Your objective -
The answer should consist of every line in the material below that has the word "featuring".

Supplied material -
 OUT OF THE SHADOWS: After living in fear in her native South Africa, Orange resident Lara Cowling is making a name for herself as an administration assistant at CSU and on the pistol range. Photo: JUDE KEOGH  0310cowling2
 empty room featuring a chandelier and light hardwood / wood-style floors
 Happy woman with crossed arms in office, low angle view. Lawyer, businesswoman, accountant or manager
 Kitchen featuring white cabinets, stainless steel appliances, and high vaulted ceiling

Problem solution -
 empty room featuring a chandelier and light hardwood / wood-style floors
 Kitchen featuring white cabinets, stainless steel appliances, and high vaulted ceiling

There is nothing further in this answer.